Por una razón muy sencilla.

Iniciar nuevas negociaciones sería un triunfo político para Netanyahu: es todo lo que quiere

El simple hecho de iniciar nuevas negociaciones sería un triunfo político para Netanyahu. De hecho, es todo lo que quiere en realidad: la ceremonia, la grandilocuencia, los líderes dándose la mano, las sonrisas, los discursos llenos de buena voluntad y palabras de paz.

¿Y luego? Luego nada. Las negociaciones continuarán sin fin, durante meses, años, décadas. Todo esto ya lo hemos visto antes. Yitzhak Shamir, uno de los predecesores de Netanyahu, se jactó incluso de que él habría seguido negociando para siempre.

La ganancia para Netanyahu sería obvia e inmediata. Se le vería como el Hombre de la Paz. El gobierno actual, el más derechista y nacionalista jamás visto en Israel, se rehabilitaría. La gente en todo el mundo que piden el boicot a Israel en todos los ámbitos se quedarían desarmados y avergonzados. Se daría un respiro a la a la creciente alarma en Jerusalén respecto a la «deslegitimización» y el «aislamiento» de Israel.
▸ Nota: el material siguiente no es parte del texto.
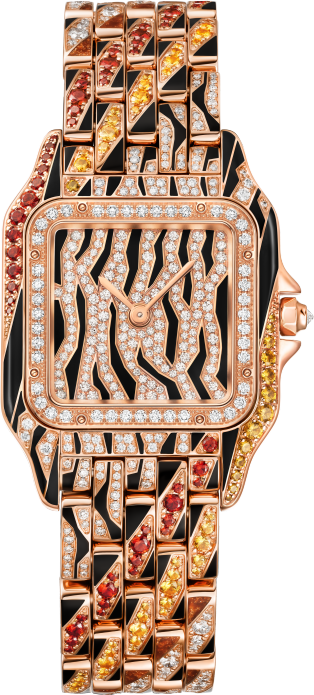 パンテール ドゥ カルティエ ウォッチ ミディアムモデル、高効率クォーツムーブメント、ピンクゴールド、ダイヤモンド、スペサルタイト、ラッカー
¿Qué ganaría el bando palestino? Nada. No se pondría fin a la extensión de los asentamientos. Ni siquiera se liberarían los viejos prisioneros que llevan encarcelados más de 20 años (como los que fueron entregados a Hamás a cambio de recuperar al soldado Gilad Shalit). Lo sentimos, pero nada de «condiciones previas».

Hay un elefante en el medio del salón que según Netanyahu no existe y al que Kerry intenta no ver

Abbas pide que antes de empezar se declare la finalidad de las negociaciones: establecer un Estado de Palestina con fronteras «basadas en» las anteriores a 1967. El que no se incluyera esta declaración en los Acuerdos de Oslo de 1993 llevó a que este tratado acabase evaporándose. ¿Para qué cometer dos veces el mismo error?
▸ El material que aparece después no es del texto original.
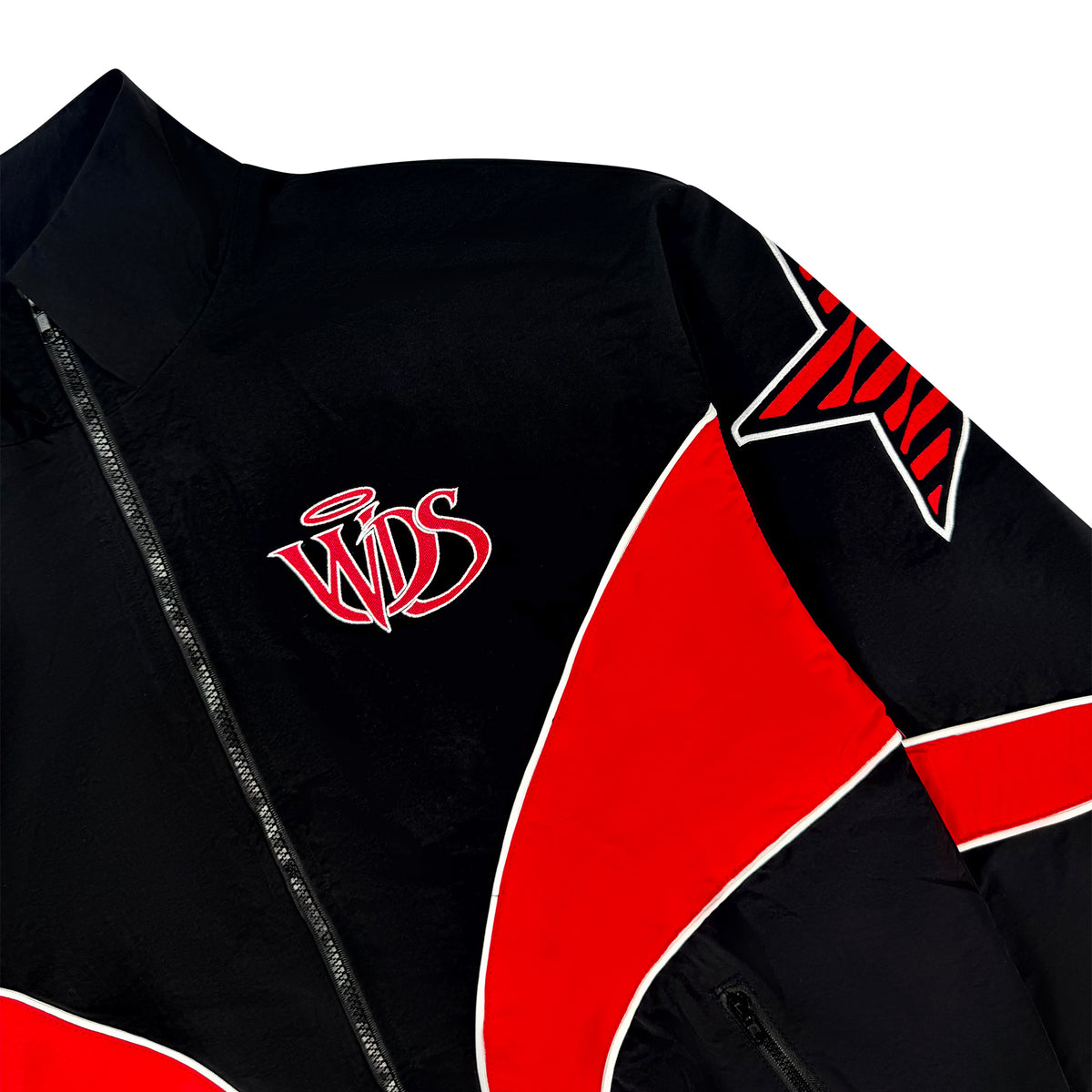 NYLON ZIP UP TRACK JACKET RED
Además, Abbas quiere poner un límite de tiempo a las negociaciones. Un año o así.

Netanyahu, desde luego, rechaza todo esto. Y por el momento, el pobre Kerry está intentado componer algo que pueda satisfacer al lobo mientras mantenga al cordero con vida. Por ejemplo, darle a Abbas garantías estadounidenses, sin garantías israelíes.

En todo este rifirrafe, se omite un hecho básico.

Es de nuevo el elefante. El elefante en medio del salón, que según Netanyahu no existe y al que Kerry intenta no ver: La ocupación.

Una negociación, se supone normalmente, debe llevarse entre iguales. En las caricaturas políticas, a Netanyahu y Abbas los dibujan igual de grandes. La idea norteamericana de dos personas razonables que lleguen a un acuerdo una vez que se pongan a hablar da por supuesto que se trata de dos adversarios más o menos de igual nivel.

Pero toda esa imagen es esencialmente falsa. Las «negociaciones» propuestas se llevarían a cabo entre una potencia de ocupación todopoderosa y un pueblo ocupado prácticamente desprovisto de todo poder. Entre el lobo y el cordero.

(Otra vez el viejo chiste israelí: ¿Es posible juntar un lobo y un cordero? Claro que se puede, siempre y cuando pongas cada día un nuevo cordero).

El ejército israelí opera a sus anchas en toda Cisjordania, incluyendo Ramalá. Si Netanyahu lo decide, Abbas despertará mañana por la mañana en una prisión israelí, junto a los ancianos que Netanyahu se niega a poner en libertad.

Como medida algo menos drástica, el Gobierno israelí puede cortar en cualquier momento, cuando lo desee, las transferencias de las grandes sumas de dinero provenientes de impuestos y aduanas que recauda en nombre de la Autoridad Palestina. Ya lo ha hecho varias veces antes. Esto llevaría a la Autoridad Palestina de inmediato al borde de la bancarrota.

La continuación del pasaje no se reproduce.